_Directions_. Working from the top of the records below, reproduce each line exactly, ending once you have written the line containing "Natural Fossil Coral".

(Records excerpted from a collection)
============
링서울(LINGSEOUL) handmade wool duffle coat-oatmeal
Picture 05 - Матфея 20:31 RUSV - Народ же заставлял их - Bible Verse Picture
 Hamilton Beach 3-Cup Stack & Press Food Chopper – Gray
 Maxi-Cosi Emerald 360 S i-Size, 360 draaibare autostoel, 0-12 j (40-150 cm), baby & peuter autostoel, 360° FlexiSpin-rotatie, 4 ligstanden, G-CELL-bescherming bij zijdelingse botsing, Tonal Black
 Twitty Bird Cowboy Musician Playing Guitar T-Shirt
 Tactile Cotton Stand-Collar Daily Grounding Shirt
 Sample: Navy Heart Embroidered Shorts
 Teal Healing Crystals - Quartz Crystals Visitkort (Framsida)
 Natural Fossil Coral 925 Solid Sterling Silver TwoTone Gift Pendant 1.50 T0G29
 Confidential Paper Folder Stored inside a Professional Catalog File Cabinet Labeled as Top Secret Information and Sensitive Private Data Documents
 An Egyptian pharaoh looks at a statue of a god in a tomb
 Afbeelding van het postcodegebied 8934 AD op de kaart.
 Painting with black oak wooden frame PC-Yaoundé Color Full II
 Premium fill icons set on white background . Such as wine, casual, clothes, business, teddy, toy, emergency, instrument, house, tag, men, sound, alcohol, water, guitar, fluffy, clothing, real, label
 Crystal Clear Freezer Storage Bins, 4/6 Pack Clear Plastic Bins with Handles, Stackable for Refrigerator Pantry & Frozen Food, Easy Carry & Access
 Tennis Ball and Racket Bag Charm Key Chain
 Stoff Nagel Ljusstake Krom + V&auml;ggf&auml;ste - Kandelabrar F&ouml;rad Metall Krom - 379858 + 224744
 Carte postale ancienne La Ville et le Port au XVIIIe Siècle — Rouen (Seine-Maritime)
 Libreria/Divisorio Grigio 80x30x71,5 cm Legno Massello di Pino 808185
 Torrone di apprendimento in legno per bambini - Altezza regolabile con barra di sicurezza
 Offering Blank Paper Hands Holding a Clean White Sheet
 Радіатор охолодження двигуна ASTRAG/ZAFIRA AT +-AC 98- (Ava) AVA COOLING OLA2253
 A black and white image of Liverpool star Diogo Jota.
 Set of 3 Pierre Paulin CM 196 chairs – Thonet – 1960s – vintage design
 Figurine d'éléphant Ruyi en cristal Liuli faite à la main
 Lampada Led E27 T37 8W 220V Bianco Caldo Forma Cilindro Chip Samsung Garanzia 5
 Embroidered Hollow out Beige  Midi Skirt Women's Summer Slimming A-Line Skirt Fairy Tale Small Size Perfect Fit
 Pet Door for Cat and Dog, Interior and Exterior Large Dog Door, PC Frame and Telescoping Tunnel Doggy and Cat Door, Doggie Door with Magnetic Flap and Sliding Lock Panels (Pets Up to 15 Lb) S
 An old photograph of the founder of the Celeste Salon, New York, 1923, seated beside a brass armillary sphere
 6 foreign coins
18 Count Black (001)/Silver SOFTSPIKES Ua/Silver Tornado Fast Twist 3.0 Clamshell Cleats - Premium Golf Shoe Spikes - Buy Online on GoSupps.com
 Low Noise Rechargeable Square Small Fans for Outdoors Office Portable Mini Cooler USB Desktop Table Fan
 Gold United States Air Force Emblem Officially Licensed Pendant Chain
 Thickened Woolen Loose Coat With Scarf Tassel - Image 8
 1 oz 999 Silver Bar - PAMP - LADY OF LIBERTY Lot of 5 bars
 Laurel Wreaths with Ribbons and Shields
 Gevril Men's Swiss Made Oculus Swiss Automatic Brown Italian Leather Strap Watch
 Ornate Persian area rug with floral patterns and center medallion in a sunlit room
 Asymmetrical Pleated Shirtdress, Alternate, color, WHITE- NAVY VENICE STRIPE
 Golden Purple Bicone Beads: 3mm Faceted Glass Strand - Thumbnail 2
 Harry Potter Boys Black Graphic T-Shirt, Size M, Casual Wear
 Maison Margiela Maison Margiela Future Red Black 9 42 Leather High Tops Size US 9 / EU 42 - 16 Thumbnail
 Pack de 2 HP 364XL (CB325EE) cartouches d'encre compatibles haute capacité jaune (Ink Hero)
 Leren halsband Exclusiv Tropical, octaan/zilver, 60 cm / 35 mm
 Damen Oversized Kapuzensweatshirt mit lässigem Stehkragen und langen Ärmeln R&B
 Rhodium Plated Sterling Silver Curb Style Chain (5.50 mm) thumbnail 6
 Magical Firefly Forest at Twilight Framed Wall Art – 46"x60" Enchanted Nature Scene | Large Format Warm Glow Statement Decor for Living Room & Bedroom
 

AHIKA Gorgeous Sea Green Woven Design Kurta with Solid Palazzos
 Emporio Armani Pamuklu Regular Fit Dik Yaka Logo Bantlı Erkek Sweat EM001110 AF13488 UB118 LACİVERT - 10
============
_Answer to this problem_.
링서울(LINGSEOUL) handmade wool duffle coat-oatmeal
Picture 05 - Матфея 20:31 RUSV - Народ же заставлял их - Bible Verse Picture
 Hamilton Beach 3-Cup Stack & Press Food Chopper – Gray
 Maxi-Cosi Emerald 360 S i-Size, 360 draaibare autostoel, 0-12 j (40-150 cm), baby & peuter autostoel, 360° FlexiSpin-rotatie, 4 ligstanden, G-CELL-bescherming bij zijdelingse botsing, Tonal Black
 Twitty Bird Cowboy Musician Playing Guitar T-Shirt
 Tactile Cotton Stand-Collar Daily Grounding Shirt
 Sample: Navy Heart Embroidered Shorts
 Teal Healing Crystals - Quartz Crystals Visitkort (Framsida)
 Natural Fossil Coral 925 Solid Sterling Silver TwoTone Gift Pendant 1.50 T0G29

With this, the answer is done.